## Data excerpts
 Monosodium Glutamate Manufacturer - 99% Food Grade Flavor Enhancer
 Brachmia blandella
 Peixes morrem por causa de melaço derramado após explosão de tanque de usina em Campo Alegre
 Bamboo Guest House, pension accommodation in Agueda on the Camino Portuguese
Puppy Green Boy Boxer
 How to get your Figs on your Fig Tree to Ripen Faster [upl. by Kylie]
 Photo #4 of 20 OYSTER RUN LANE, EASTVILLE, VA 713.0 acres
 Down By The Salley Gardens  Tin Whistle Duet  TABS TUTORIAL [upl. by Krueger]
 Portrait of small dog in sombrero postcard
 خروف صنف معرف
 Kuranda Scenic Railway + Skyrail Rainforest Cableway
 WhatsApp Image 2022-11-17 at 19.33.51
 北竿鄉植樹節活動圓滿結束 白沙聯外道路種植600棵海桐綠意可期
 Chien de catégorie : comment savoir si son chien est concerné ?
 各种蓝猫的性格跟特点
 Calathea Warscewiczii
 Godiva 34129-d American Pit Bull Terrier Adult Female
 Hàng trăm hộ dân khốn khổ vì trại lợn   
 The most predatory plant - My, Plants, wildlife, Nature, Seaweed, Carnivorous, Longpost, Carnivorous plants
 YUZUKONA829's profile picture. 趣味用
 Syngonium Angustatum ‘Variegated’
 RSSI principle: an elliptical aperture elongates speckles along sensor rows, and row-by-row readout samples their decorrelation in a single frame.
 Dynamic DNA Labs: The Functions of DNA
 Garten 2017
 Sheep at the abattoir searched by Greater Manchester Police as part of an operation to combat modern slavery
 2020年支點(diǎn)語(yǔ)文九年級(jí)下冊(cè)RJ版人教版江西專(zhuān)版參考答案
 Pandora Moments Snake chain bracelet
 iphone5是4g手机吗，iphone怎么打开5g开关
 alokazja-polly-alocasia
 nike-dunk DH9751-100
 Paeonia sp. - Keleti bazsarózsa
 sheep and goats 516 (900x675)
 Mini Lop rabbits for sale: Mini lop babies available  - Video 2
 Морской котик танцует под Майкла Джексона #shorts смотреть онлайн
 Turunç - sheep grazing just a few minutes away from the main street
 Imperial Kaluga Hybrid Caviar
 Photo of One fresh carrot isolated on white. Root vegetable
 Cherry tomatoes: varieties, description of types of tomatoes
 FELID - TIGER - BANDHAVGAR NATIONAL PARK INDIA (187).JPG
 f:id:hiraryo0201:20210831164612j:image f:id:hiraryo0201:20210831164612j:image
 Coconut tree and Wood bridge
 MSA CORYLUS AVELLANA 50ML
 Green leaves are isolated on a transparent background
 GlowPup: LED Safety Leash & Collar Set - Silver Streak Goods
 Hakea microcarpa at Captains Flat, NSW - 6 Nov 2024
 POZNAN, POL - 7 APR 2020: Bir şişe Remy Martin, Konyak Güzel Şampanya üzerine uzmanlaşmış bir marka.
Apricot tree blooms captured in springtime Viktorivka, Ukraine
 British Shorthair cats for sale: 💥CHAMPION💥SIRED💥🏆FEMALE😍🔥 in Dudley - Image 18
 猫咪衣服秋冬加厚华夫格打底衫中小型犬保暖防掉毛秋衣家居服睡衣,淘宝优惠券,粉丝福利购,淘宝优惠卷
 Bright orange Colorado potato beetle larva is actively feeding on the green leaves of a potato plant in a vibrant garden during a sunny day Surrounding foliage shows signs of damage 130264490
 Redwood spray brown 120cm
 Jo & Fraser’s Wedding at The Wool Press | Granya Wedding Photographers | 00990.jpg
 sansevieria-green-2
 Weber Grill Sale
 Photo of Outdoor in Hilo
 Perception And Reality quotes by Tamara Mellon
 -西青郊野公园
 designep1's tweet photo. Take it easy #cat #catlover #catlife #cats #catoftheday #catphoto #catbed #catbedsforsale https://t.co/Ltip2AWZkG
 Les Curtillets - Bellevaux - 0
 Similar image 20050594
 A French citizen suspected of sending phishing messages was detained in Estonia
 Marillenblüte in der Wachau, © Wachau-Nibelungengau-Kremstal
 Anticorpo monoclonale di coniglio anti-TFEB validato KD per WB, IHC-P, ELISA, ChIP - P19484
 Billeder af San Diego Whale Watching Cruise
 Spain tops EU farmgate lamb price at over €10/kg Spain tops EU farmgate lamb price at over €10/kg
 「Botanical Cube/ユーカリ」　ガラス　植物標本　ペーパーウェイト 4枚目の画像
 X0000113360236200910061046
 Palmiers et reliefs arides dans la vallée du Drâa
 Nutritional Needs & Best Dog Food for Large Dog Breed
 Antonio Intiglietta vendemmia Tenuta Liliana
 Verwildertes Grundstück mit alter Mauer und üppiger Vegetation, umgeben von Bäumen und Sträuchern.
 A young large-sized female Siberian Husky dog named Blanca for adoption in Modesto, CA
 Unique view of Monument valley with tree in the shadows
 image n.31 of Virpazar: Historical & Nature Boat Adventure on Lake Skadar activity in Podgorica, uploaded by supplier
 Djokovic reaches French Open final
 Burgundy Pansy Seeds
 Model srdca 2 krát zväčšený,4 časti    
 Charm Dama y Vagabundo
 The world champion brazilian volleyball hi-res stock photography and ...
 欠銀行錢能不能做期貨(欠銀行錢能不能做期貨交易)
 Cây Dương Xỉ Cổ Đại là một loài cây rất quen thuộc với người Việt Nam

## Problem requirements
Repeat exactly the lines above, starting with the line that contains "A French citizen" and ending with the last line, both included, and nothing else.

## Task result
 A French citizen suspected of sending phishing messages was detained in Estonia
 Marillenblüte in der Wachau, © Wachau-Nibelungengau-Kremstal
 Anticorpo monoclonale di coniglio anti-TFEB validato KD per WB, IHC-P, ELISA, ChIP - P19484
 Billeder af San Diego Whale Watching Cruise
 Spain tops EU farmgate lamb price at over €10/kg Spain tops EU farmgate lamb price at over €10/kg
 「Botanical Cube/ユーカリ」　ガラス　植物標本　ペーパーウェイト 4枚目の画像
 X0000113360236200910061046
 Palmiers et reliefs arides dans la vallée du Drâa
 Nutritional Needs & Best Dog Food for Large Dog Breed
 Antonio Intiglietta vendemmia Tenuta Liliana
 Verwildertes Grundstück mit alter Mauer und üppiger Vegetation, umgeben von Bäumen und Sträuchern.
 A young large-sized female Siberian Husky dog named Blanca for adoption in Modesto, CA
 Unique view of Monument valley with tree in the shadows
 image n.31 of Virpazar: Historical & Nature Boat Adventure on Lake Skadar activity in Podgorica, uploaded by supplier
 Djokovic reaches French Open final
 Burgundy Pansy Seeds
 Model srdca 2 krát zväčšený,4 časti    
 Charm Dama y Vagabundo
 The world champion brazilian volleyball hi-res stock photography and ...
 欠銀行錢能不能做期貨(欠銀行錢能不能做期貨交易)
 Cây Dương Xỉ Cổ Đại là một loài cây rất quen thuộc với người Việt Nam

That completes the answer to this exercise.